Just forget the words and sing along

Thursday, January 07, 2016

Fishing in the Discount Bin - The Hobbit: The Desolation of Smaug

Here we go again on Fishing in the Discount Bin, where I blog about one of the movies I own.  I'm plowing through The Hobbit trilogy, and today I get to movie #2, The Desolation of Smaug.  This is in my notes at April 12, 2015.






I finally accepted that there was something a little off about The Hobbit trilogy in the opening of The Desolation of Smaug.  It opens with our company of dwarfs spending the night at Beorn the Skin-Changer's house.  In the book, it's a very jovial scene, and Beorn is presented as being a very lighthearted woodsman.  In the movie, he's the last of a hunted kind, and everything about the scene is o so dire and serious. 

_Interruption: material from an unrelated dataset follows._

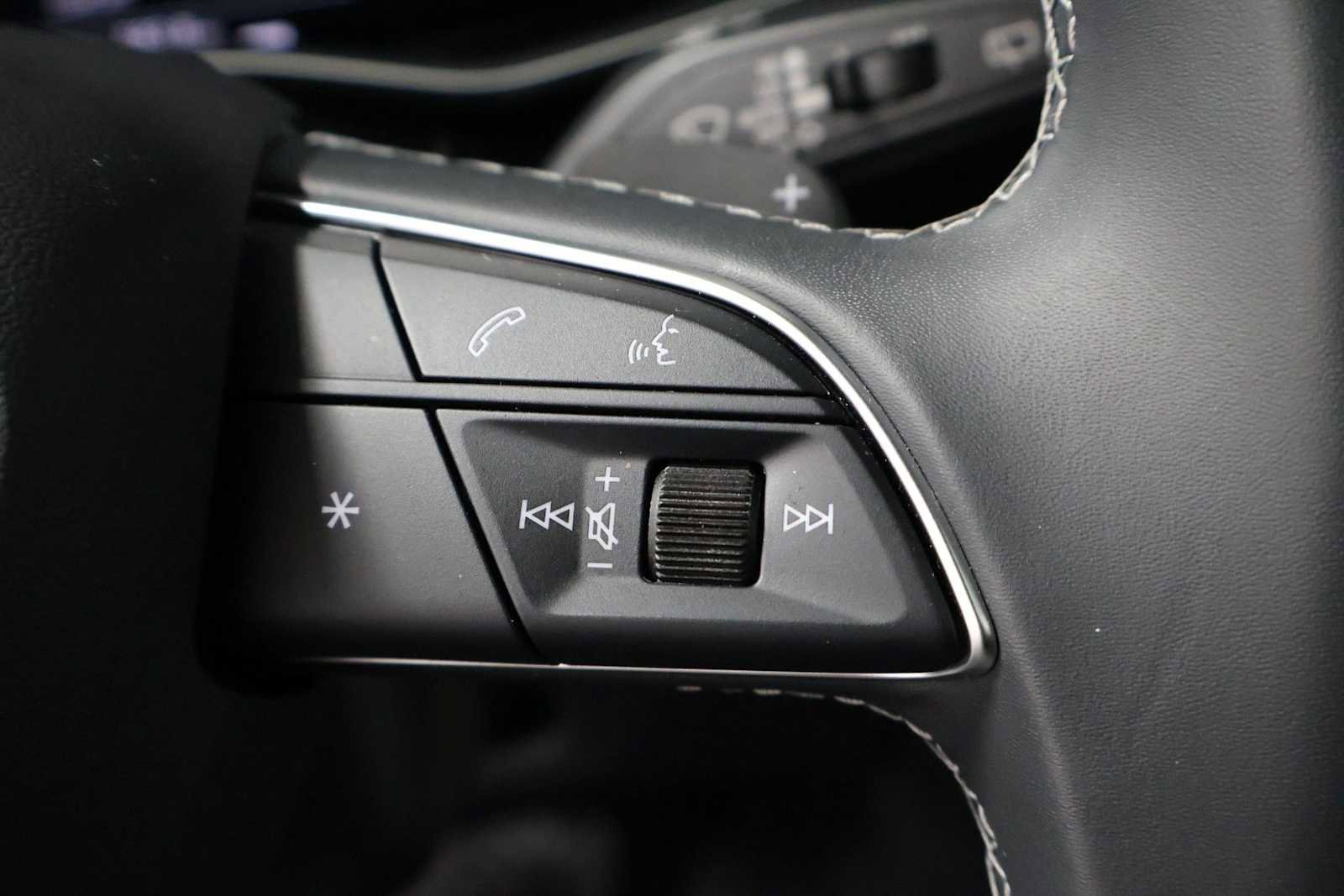 Certified 2025 Audi Q8 Premium Plus w/ Premium Plus Package AWD/4WD image 26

This is where the padding really starts to get bloated and heavy-handed.  Who was really itching to see the politics of Lake-Town, with Stephen Fry as its simpering mayor?  Why was that needed?  And giving one of the dwarfs a love story?  Why?  They share some chit chat through a jail cell one night, and now she's willing to lay down her life for him?

I'm talking, of course, about the elven warrior Tauriel and her romance with the dwarf whats-his-name.  Tauriel...the one character with no basis in Tolkien's texts and was flat-out invented for this movie.  Jackson said he wanted to do it because he, too, felt a dearth of female characters in the saga.  OK, that's fine, I can accept that.  But how cliche can you get to make her the moon-eyed girl who wants to know what love is?

And along with her, the bring in Legolas to get a love triangle going.  Again, why?  Legolas isn't in the original Hobbit book.  There's more of that "bridging" concept that Jackson wanted to introduce.  Legolas, great character and all, but he's got no place in this movie.  I'll never forget watching the first movie with a friend of mine.  After Elijah Wood made his cameo as Frodo, my friend commented that it was a "million-dollar cameo."  Walking out of the film he says to me, "Hey, I thought Orlando Bloom was in this too," and I replied, "I think they saved his million-dollar cameo for the next one."

And Bilbo's scene with Smaug.  No no no.  I had another friend text me and comment, "Bilbo and Smaug's encounter should have been an epic battle of wits," and all I could text back was, "It is!  It is!  In the book, it is!"  Why the hell did they have to make the dwarfs turn suddenly heroic and charge in their to slay the dragon?  I understand, when they decided to make it a trilogy, they had to give this second film a big action climax.  And they chose to do it by creating some kind of medieval version of the droid factory scene in Episode II.  But there's already one in the book they could use!  Smaug setting fire to Lake-Town and his eventual slaying at the hand of Bard the Bowman.  That should have been your big-action climax!  But instead, it was shortened to the pre-credits sequence of film #3. 

I'm sure this'll upset some people, but there is one change I liked.  The barrel sequence.  In the book, it's this magical sequence as our heroes float down the river to the lake.  And in the movie, they turn it into this bonkers action sequence.  I love the barrel sequence.  It's ridiculous in the fun way. 

And the ending is so disappointing.  As I said in my review of the last film.  Each film in the Lord of the Rings trilogy and An Unexpected Journey do build to a rather satisfying conclusion, so each film mostly feels like a self-contained entity.  But the end of The Desolation of Smaug is so abrupt that it's incredibly disappointing.  When I saw it in the theatre, people actually booed that ending.  I remember walking out of the theatre myself and thinking, "What's left?  They slay Smaug, and we've got the Battle of the Five Armies, and that's it!"  That's, what, 3 chapters in the book?

This is the one where the simple single novel really gets big and bloated.  With a little more editing, there's no reason why this couldn't have been two movies.